About this task -
Could you retype the lines below, starting at the line holding "If you know" and stopping at the line holding "If you're loving", inclusive? Copy them exactly and drop the images.

The data -
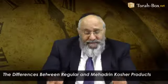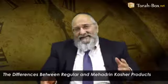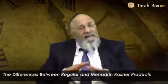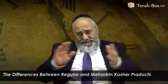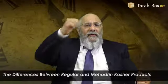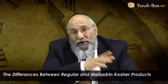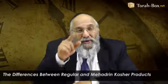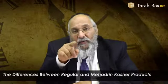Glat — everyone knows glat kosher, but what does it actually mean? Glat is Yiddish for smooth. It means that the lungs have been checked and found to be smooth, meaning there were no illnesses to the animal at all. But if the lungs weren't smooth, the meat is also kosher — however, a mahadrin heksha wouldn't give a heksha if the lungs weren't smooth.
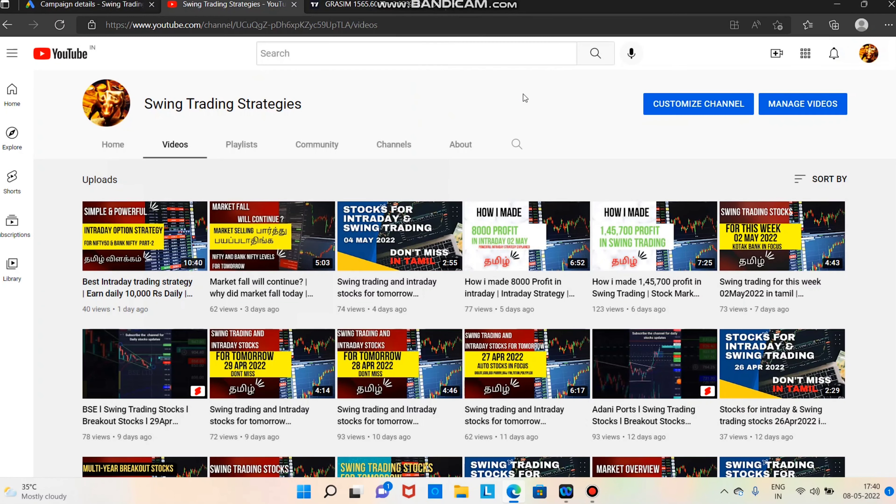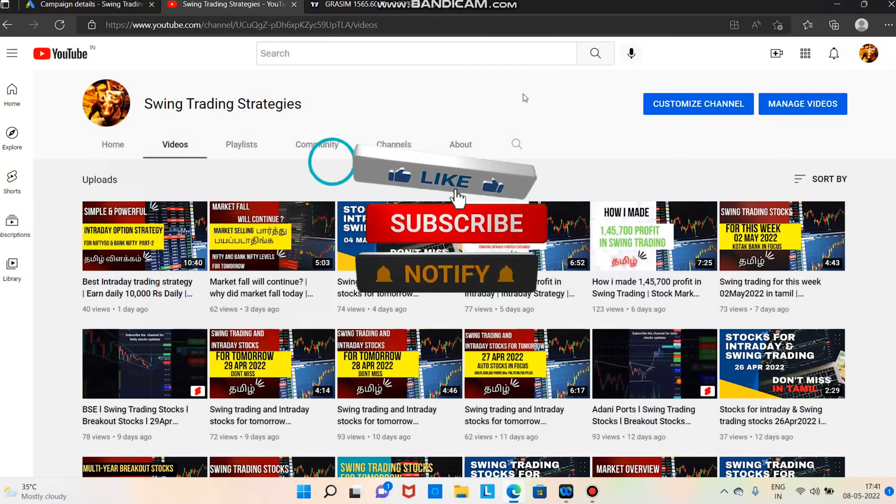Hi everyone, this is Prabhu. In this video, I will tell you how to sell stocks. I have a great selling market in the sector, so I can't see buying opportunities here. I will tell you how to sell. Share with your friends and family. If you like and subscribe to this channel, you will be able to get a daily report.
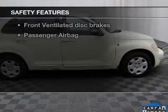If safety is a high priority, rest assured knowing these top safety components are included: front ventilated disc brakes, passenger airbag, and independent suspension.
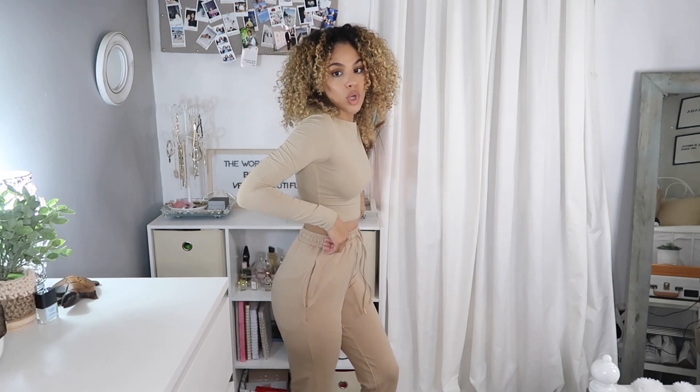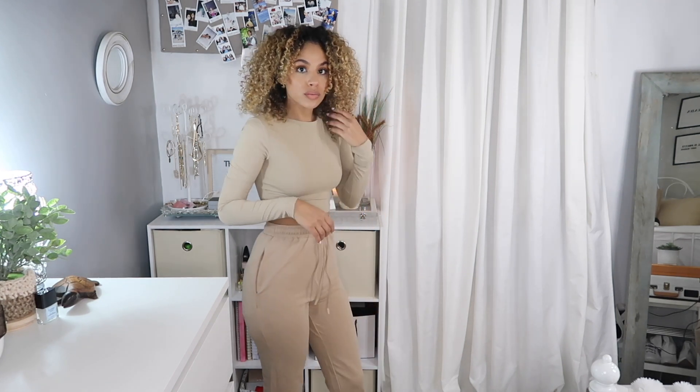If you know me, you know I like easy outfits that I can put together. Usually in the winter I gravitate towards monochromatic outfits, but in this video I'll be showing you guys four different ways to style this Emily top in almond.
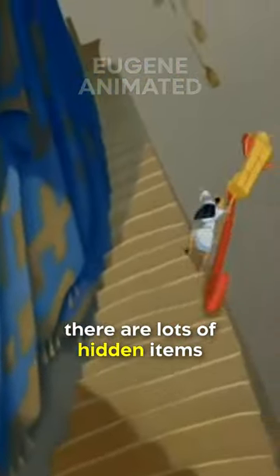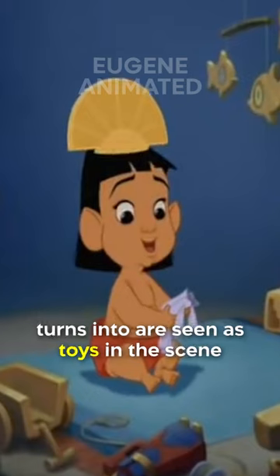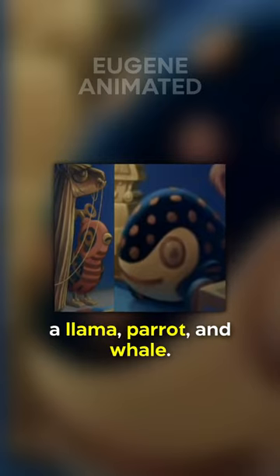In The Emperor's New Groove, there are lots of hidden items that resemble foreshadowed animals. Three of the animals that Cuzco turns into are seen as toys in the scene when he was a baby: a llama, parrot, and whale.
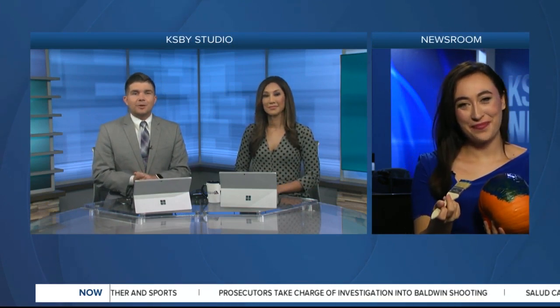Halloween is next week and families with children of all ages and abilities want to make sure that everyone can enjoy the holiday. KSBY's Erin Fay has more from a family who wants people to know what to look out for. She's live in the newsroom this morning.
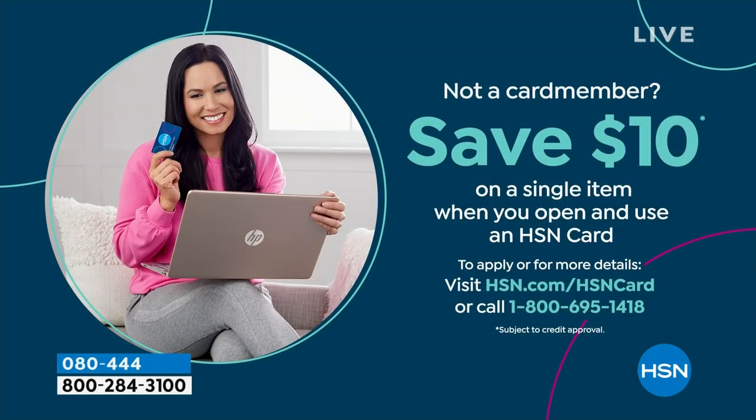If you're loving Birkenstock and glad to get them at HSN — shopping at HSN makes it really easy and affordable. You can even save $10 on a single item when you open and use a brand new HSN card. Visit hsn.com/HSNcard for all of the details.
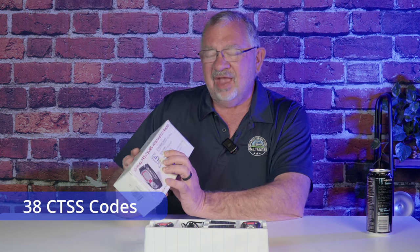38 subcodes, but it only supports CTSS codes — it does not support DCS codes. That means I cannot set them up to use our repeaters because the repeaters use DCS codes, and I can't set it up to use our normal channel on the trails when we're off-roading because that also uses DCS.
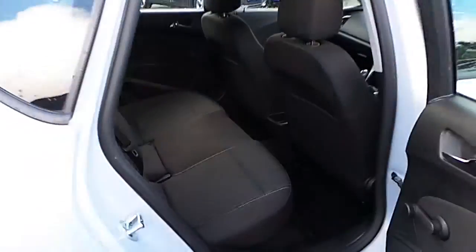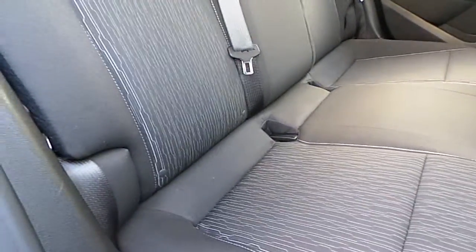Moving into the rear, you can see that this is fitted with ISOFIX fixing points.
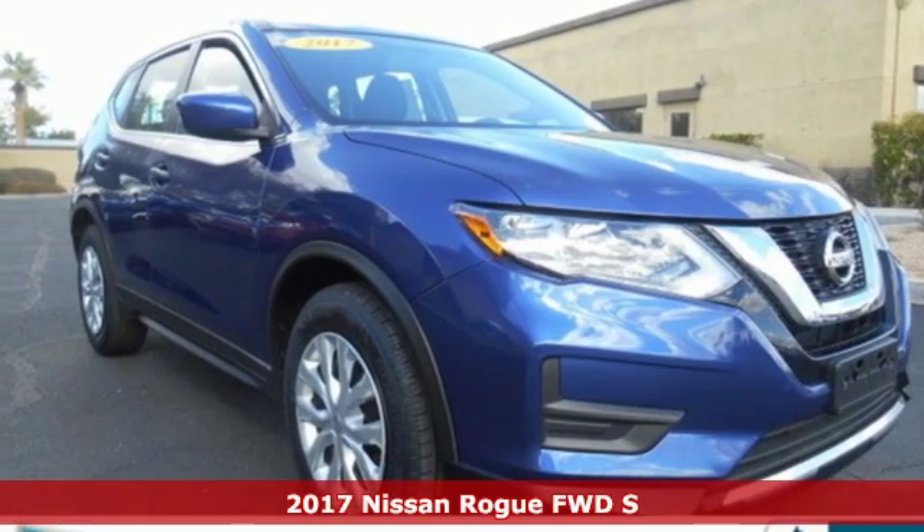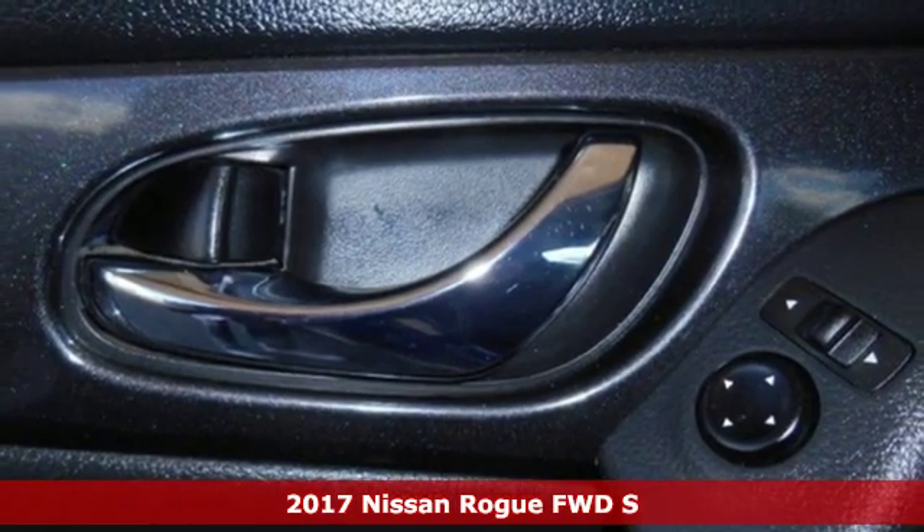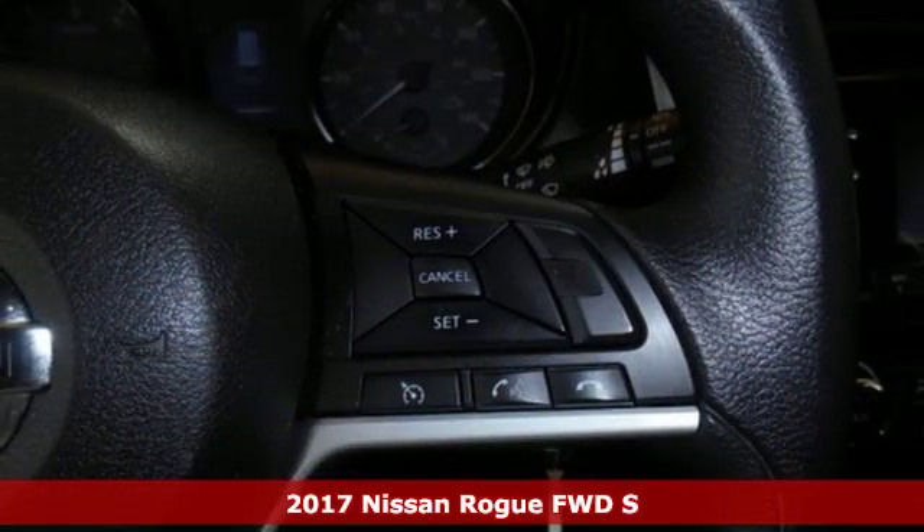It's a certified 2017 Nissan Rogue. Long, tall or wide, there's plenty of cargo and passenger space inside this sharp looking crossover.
--
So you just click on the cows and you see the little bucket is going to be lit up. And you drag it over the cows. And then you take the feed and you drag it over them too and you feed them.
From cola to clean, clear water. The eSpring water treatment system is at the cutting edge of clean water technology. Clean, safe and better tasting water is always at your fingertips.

Response box -
If you know me, you know I like easy outfits that I can put together. Usually in the winter I gravitate towards monochromatic outfits, but in this video I'll be showing you guys four different ways to style this Emily top in almond.
In The Emperor's New Groove, there are lots of hidden items that resemble foreshadowed animals. Three of the animals that Cuzco turns into are seen as toys in the scene when he was a baby: a llama, parrot, and whale.
Halloween is next week and families with children of all ages and abilities want to make sure that everyone can enjoy the holiday. KSBY's Erin Fay has more from a family who wants people to know what to look out for. She's live in the newsroom this morning.
If you're loving Birkenstock and glad to get them at HSN — shopping at HSN makes it really easy and affordable. You can even save $10 on a single item when you open and use a brand new HSN card. Visit hsn.com/HSNcard for all of the details.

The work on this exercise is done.